If the Morrison government annuls Shandong Landbridge Group’s lease of the Port of Darwin, it will do so for no other reason than to level yet another gratuitous insult at China in the service of US geopolitical imperatives. Attempts by anti-China scaremongers to cast the deal as a threat to national security make no more sense now than they did when the Department of Defence and intelligence agencies dismissed them as nonsense in late 2015 when the deal was signed. Certainly it is an affront to national sovereignty that public assets be sold off to foreign buyers from any country, or indeed privatised at all. But with that said, the fact is that around the world, whereas most investors from our “allies” the USA and UK buy up infrastructure only so they can extract wealth via user charges, Chinese companies have mostly preferred to build new infrastructure projects, or upgrade existing ones, and earn their money by increasing productivity. A government that enables the former and stymies the latter, all the while refusing to invest in development itself, does not have the national interest at heart.
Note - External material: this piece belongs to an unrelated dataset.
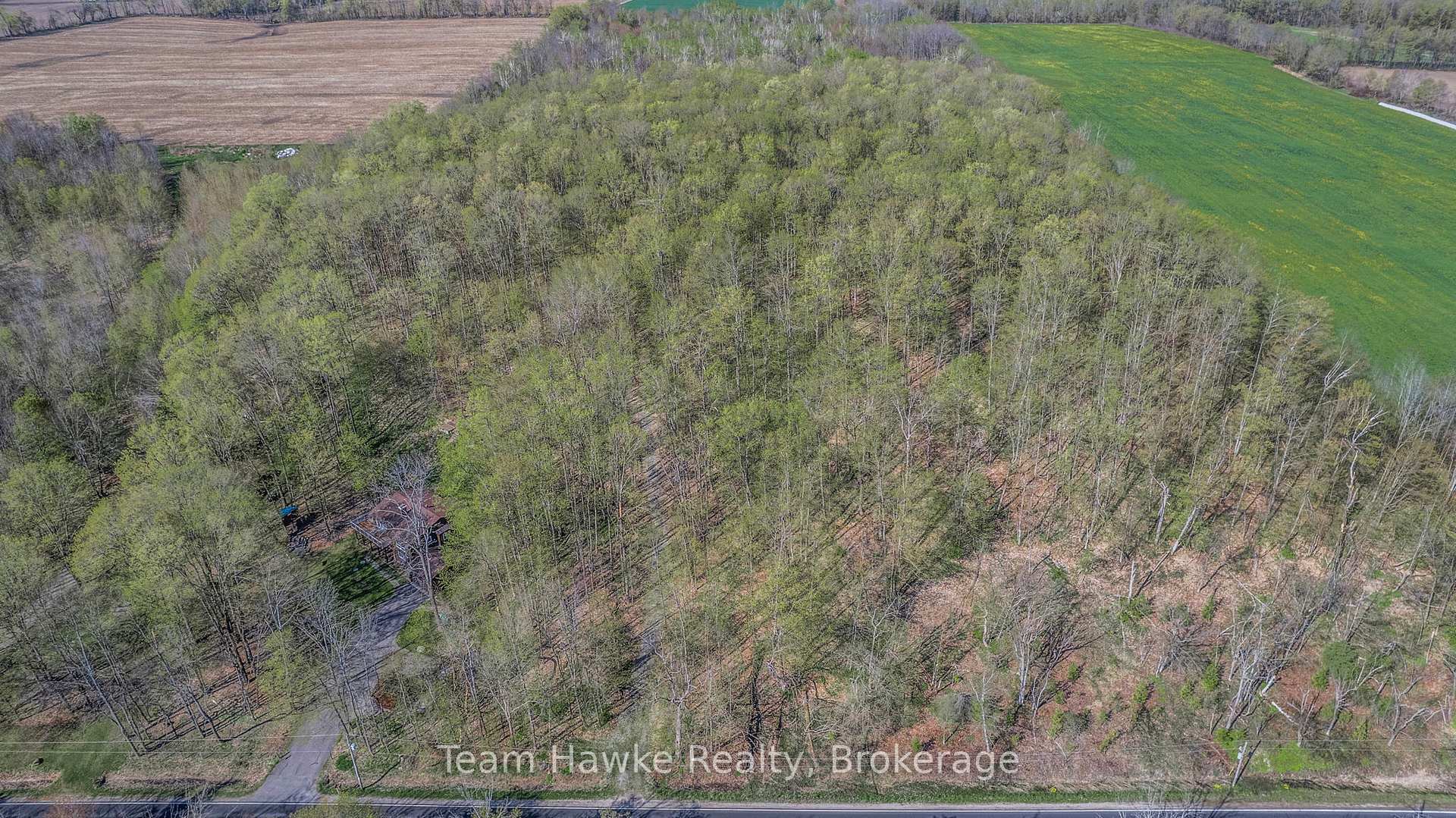 Photo 31 of 1998 Old Fort Road, Tay, Rural Tay — HOMEH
Defence Minister Peter Dutton confirmed on 2 May that his department had been instructed to “review” Landbridge’s 99-year lease of the Port of Darwin, the Sydney Morning Herald reported. “Defence officials are looking at whether the company … should be forced to give up its ownership of the port on national security grounds” under the Security of Critical Infrastructure Act 2018, which put ports and airports under the protection of the federal government. The SMH also quoted Prime Minister Scott Morrison’s statement from a few days prior, that “If there is any advice that I receive from the Department of Defence or intelligence agencies that suggest that there are national security risks there then you’d expect the government to take action on that.” If the intelligence agencies do render such advice, it will be tantamount to a confession of gross incompetence—because both they and the Defence Department thoroughly vetted the deal before it was signed and found no reason at all for concern, nor has anything materially changed in the meantime.
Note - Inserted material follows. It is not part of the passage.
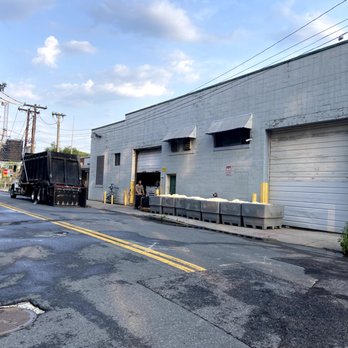 Axiom - Every morning at 7am, a dumpster truck arrives to lift and shake large bins to discard tofu from next door. This is extremely noisy. - Apartments Near Me - Cambridge, Massachusetts
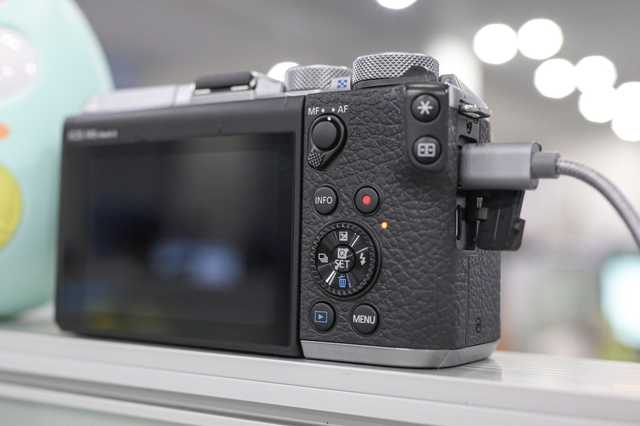 轻巧与高性能兼得 佳能M6 Mark II微单相机评测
Landbridge leased the Port of Darwin for 99 years at a price of $506 million in October 2015, beating out 32 competing bids in a tender launched by the Northern Territory’s thenCountry Liberal Party (CLP) government late the previous year. And regardless of the CLP’s neoliberal ideological bent, the fact is that it and every other NT administration had begged Canberra for forty years to invest in upgrading the port, to no avail. As former CLP leader Paul Everingham, the NT’s first Chief Minister in 1978-84, wrote in a letter published 30 August 2020 in the Australian Financial Review: “Darwin Port as a commercial enterprise languished under South Australia, then the federal government and, despite all we tried to do, the self- governing Northern Territory. … So what to do to attract shipping to a port described by [novelist] Xavier Herbert as having as its principal exports empty bottles and full public servants? … [T] he Chinese, as a fast rising economic powerhouse, were seen as giving the port a good chance of emerging from Cinderella status.”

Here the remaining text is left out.